ACTIVITY
Write out exactly the lines from the one with "Aerial view of rice crops in Colombia" through the last line of the data below, but not the pictures.

SOURCE MATERIAL
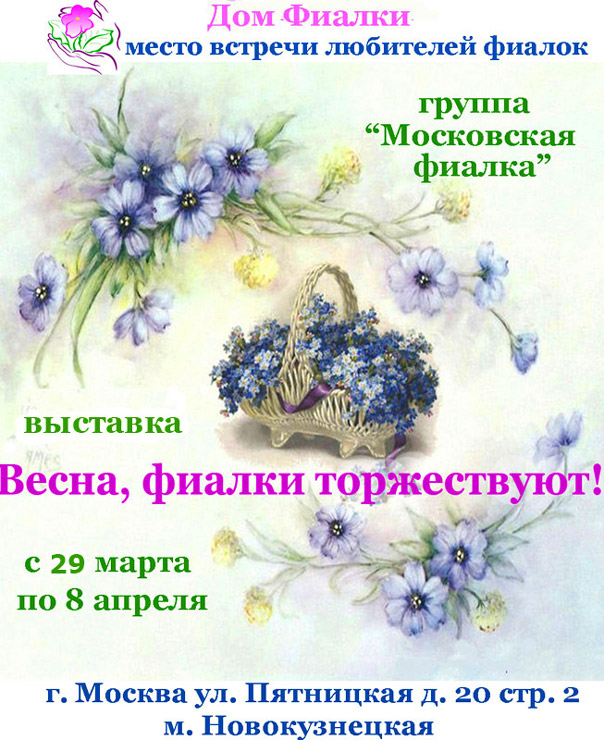 АФИША+.jpg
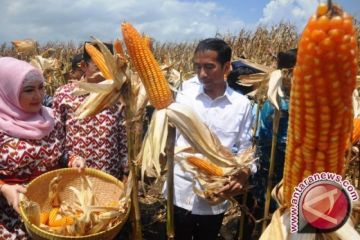 Bupati Dompu sebut peredaran uang dari jagung dan padi Rp2,7 triliun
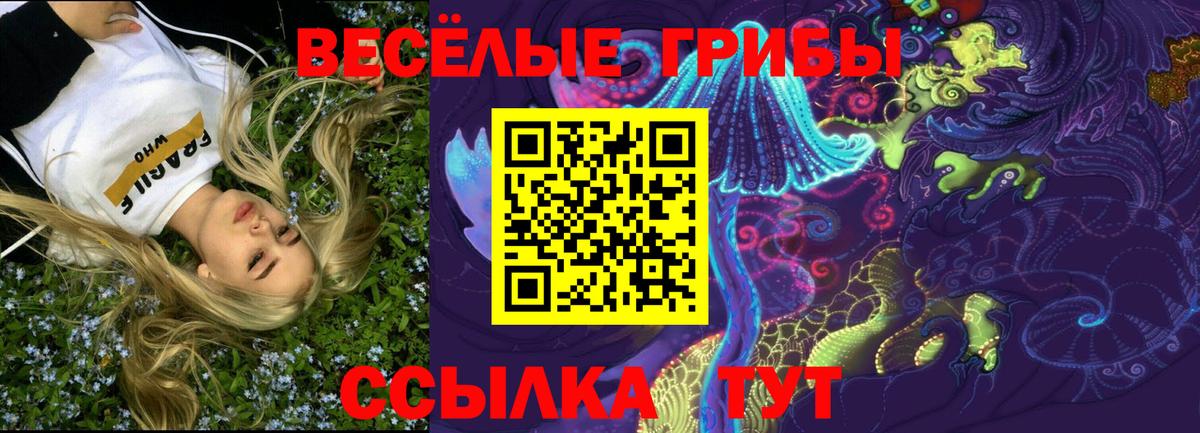 Галлюциногенные грибы Magic Shrooms Ялта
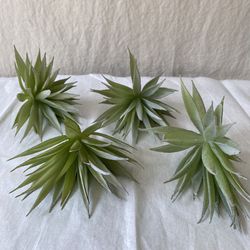 Faux Desert Succulent Plants - Air Plants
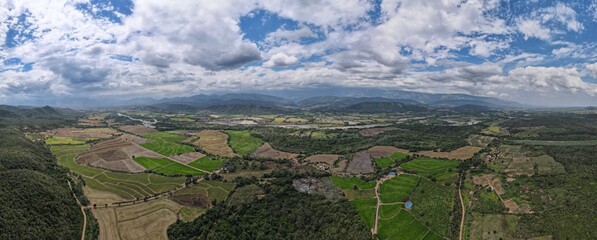 Aerial view of rice crops in Colombia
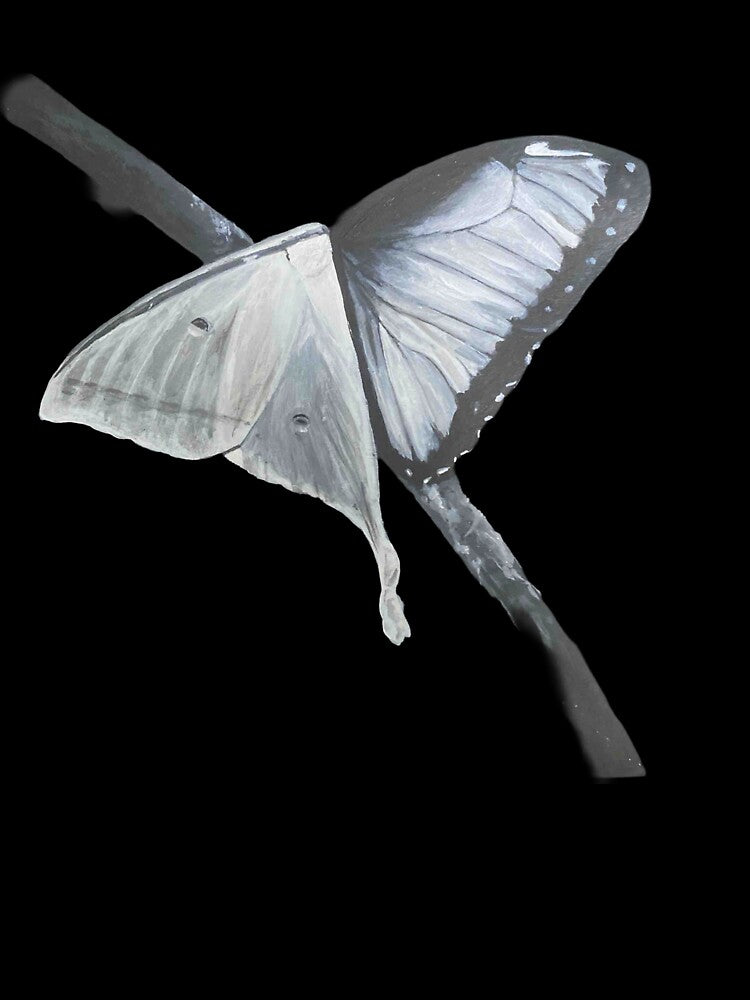 Moth X Butterfly by PIPPIN’S PRINTS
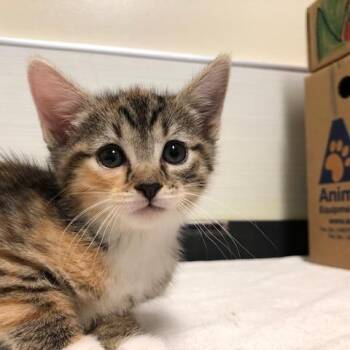 Parfait -  Domestic Short Hair Cat for Adoption - Parfait | PetCurious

YOUR SOLUTION
 Aerial view of rice crops in Colombia
 Moth X Butterfly by PIPPIN’S PRINTS
 Parfait -  Domestic Short Hair Cat for Adoption - Parfait | PetCurious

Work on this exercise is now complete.